* [Provided records]:
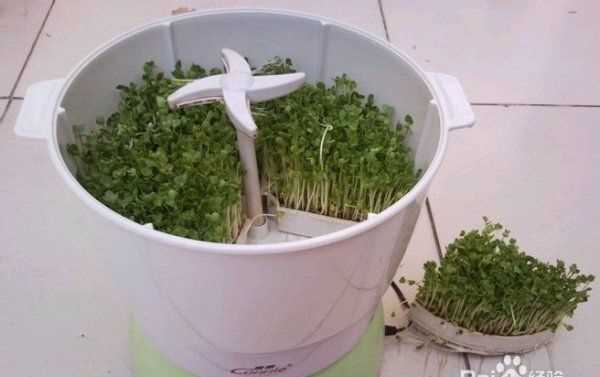 豆芽機(jī)怎么使用,豆芽機(jī)的使用方法介紹圖3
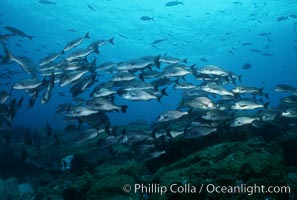 Grunts (peruvian, gray or Galapagos), Orthopristis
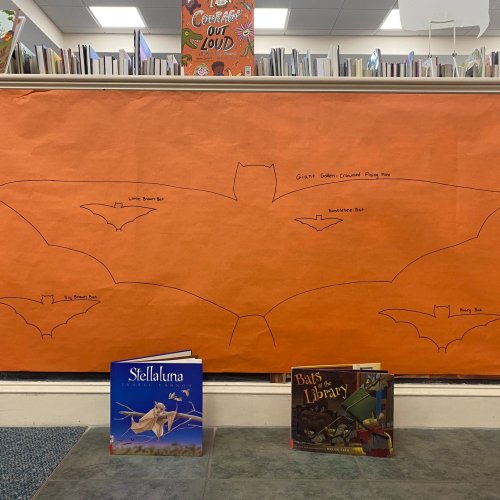 Photo post from bristollibrarychildren.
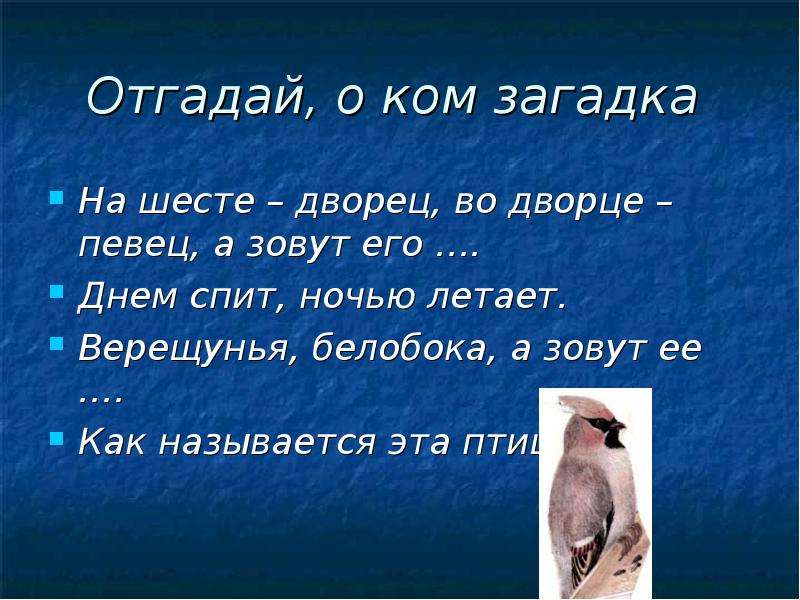 Кома загадки. Отгадай загадку на шесте дворец во Дворце певец а зовут его. Загадка на шесте дворец во Дворце певец. Верещунья белобока а зовут ее. Днем спит на шесте дворец ночью летает во Дворце певец.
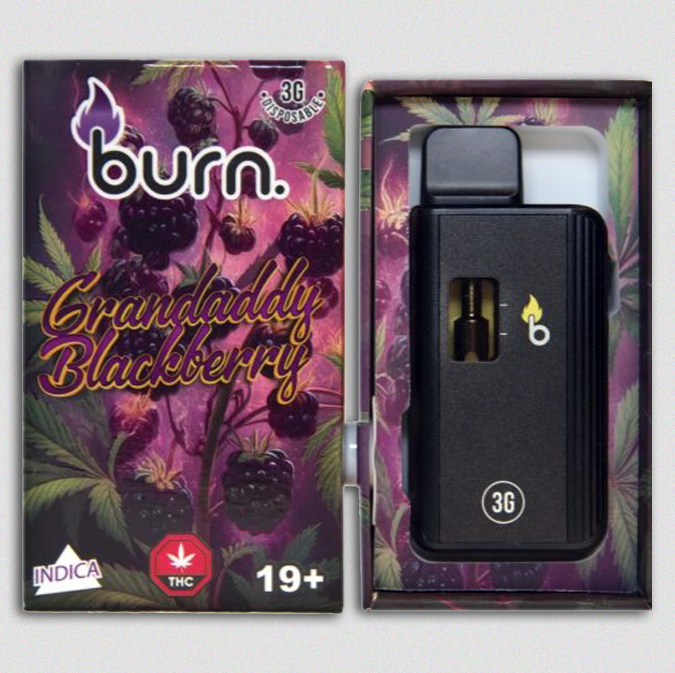 Burn Lifestyle Co. | Disposable Vape (3G) 12 burn lifestyle co. | disposable vape (3g) - image 12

* [Exercise goal]: Transcribe all of the data above exactly; no picture belongs in the copy.

* [Exercise output]:
 豆芽機(jī)怎么使用,豆芽機(jī)的使用方法介紹圖3
 Grunts (peruvian, gray or Galapagos), Orthopristis
 Photo post from bristollibrarychildren.
 Кома загадки. Отгадай загадку на шесте дворец во Дворце певец а зовут его. Загадка на шесте дворец во Дворце певец. Верещунья белобока а зовут ее. Днем спит на шесте дворец ночью летает во Дворце певец.
 Burn Lifestyle Co. | Disposable Vape (3G) 12 burn lifestyle co. | disposable vape (3g) - image 12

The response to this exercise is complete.